3093. Longest Common Suffix Queries

題目 / Problem

中文給你兩個字串陣列 wordsContainer 和 wordsQuery。對於每一個 wordsQuery[i]，要在 wordsContainer 裡找出一個字串，使它與 wordsQuery[i] 的最長公共後綴最長。後綴就是從字串「結尾」往前看的一段連續字元（例如 "abcd" 的後綴有 "d"、"cd"、"bcd"、"abcd"）。

如果有多個字串都共享同樣長度的最長公共後綴，就選長度最短的那一個；如果長度也一樣，就選在 wordsContainer 中出現最早（索引最小）的那一個。回傳一個整數陣列 ans，ans[i] 是被選中字串在 wordsContainer 裡的索引。注意空後綴 "" 也是合法的「公共後綴」，所以一定找得到答案。

English You are given two string arrays wordsContainer and wordsQuery. For each wordsQuery[i], find a string in wordsContainer that shares the longest common suffix with it. A suffix is a contiguous chunk read from the end of a string (e.g. suffixes of "abcd" are "d", "cd", "bcd", "abcd").
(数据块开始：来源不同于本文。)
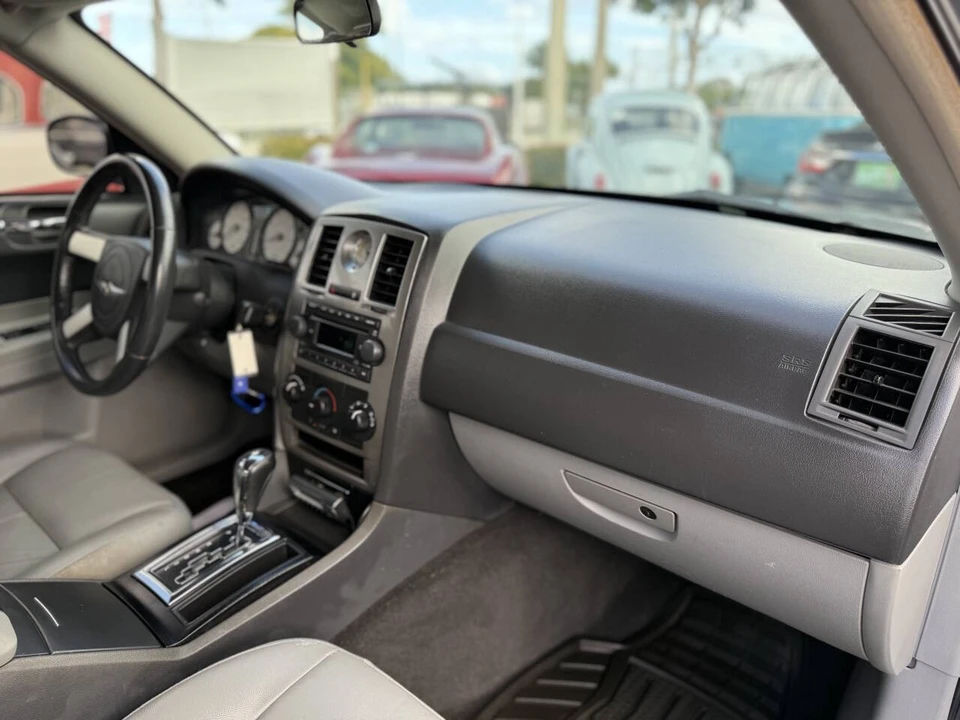 2006 Chrysler 300 (2005-2023) - Image 20 of 21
If several container strings tie on the longest common suffix length, pick the one with the smallest length; if still tied, pick the one that appears earliest (smallest index). Return an integer array ans where ans[i] is the chosen string's index. The empty suffix "" always counts as a common suffix, so every query has an answer.

Constraints / 限制 - 1 <= wordsContainer.length, wordsQuery.length <= 10^4 - 1 <= wordsContainer[i].length, wordsQuery[i].length <= 5 * 10^3 - All characters are lowercase English letters. - Sum of wordsContainer[i].length ≤ 5 * 10^5; sum of wordsQuery[i].length ≤ 5 * 10^5.
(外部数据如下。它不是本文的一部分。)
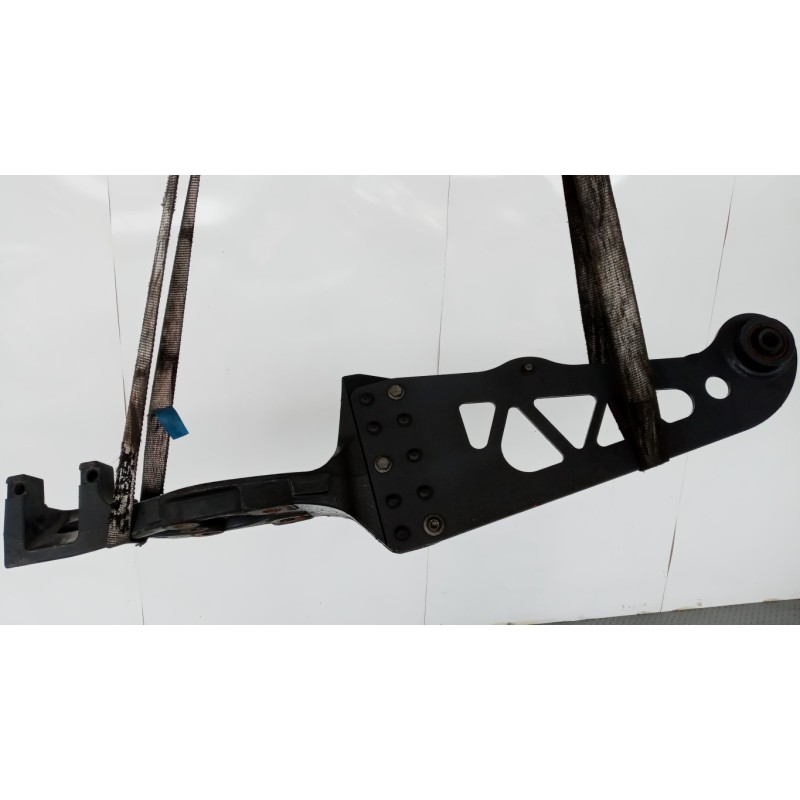 RENAULT truck SUPPORTO SOSPENSIONI RENAULT truck T 2014> usato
Worked example / 範例 wordsContainer = ["abcd","bcd","xbcd"], wordsQuery = ["cd","bcd","xyz"] → [1,1,1]. For "cd", all three share suffix "cd"; among them index 1 ("bcd", length 3) is shortest. For "xyz", nobody shares any suffix, so the common suffix is "" shared by all three — again the shortest is index 1.

名詞解釋 / Glossary

後綴 / suffix: 字串末尾的一段連續字元。比較「公共後綴」就是從兩個字串的最後一個字元開始往前逐字比對，看能連續匹配多少個。
反轉字串 / reversing a string: 把字串首尾顛倒。"abcd" → "dcba"。反轉後，比較「後綴」就變成比較「前綴」（開頭的一段），這讓問題更好處理。
前綴 / prefix: 字串開頭的一段連續字元。反轉之後，原本的最長公共後綴就等於最長公共前綴 / after reversing, longest common suffix becomes longest common prefix.
字典樹 / Trie (prefix tree): 一種樹狀資料結構，每條從根節點往下的路徑代表一個字串的前綴。共用相同前綴的字串會共用同一段路徑，所以查詢前綴非常快。Each edge is labelled with one letter; walking down spells out a prefix.
節點 / node: 字典樹中的一個點。這裡每個節點額外記錄「目前經過此節點的容器字串中，最佳的那個索引」/ each node stores the best container index among all words passing through it.
子節點陣列 / children array: 每個節點有 26 個槽位（對應 26 個小寫字母），children[c] = -1 表示該字母方向還沒有子節點。-1 is a sentinel meaning "no child yet".
哨兵值 / sentinel value: 用一個不可能是正常資料的特殊值來表示「空 / 不存在」，這裡用 -1。

思路

最直接的暴力法是：對每個查詢字串，逐一和每個容器字串比較，從尾巴往前數出公共後綴長度，再依規則挑最佳的。但容器和查詢都可能有 10^4 個，字串又可能長達 5×10^3，兩兩相比會是大約 10^8 × 5×10^3 的量級，遠遠超時。關鍵觀察是：很多字串的後綴是重疊的（例如 "abcd"、"bcd"、"xbcd" 都以 "bcd" 結尾），暴力法把這些重複的比較做了無數次。我們需要一個能「共享」這些公共後綴、只比一次的結構。提示告訴我們：把字串反轉，後綴就變前綴，而「處理一堆字串的公共前綴」正是字典樹 (Trie) 最擅長的事。於是做法是：把每個容器字串反轉後插入字典樹，插入時走過的每一個節點都代表「某個共同後綴」，我們在那個節點記錄「目前看到的最佳容器索引」。最佳的定義是：長度最短優先，長度相同則索引較小（較早）優先。因為我們是按索引由小到大插入的，所以只在「長度嚴格更短」時才覆蓋，這樣同長度時自然保留了較早的那個——這就是維持規則的關鍵不變量。查詢時，把查詢字串也反轉，從根節點沿著字母往下走，能走多深就走多深；停下來的那個節點記錄的最佳索引就是答案。如果第一步就走不下去（沒有共同後綴），就停在根節點，而根節點記錄的是全體中最短、最早的那個，正好符合空後綴的規則。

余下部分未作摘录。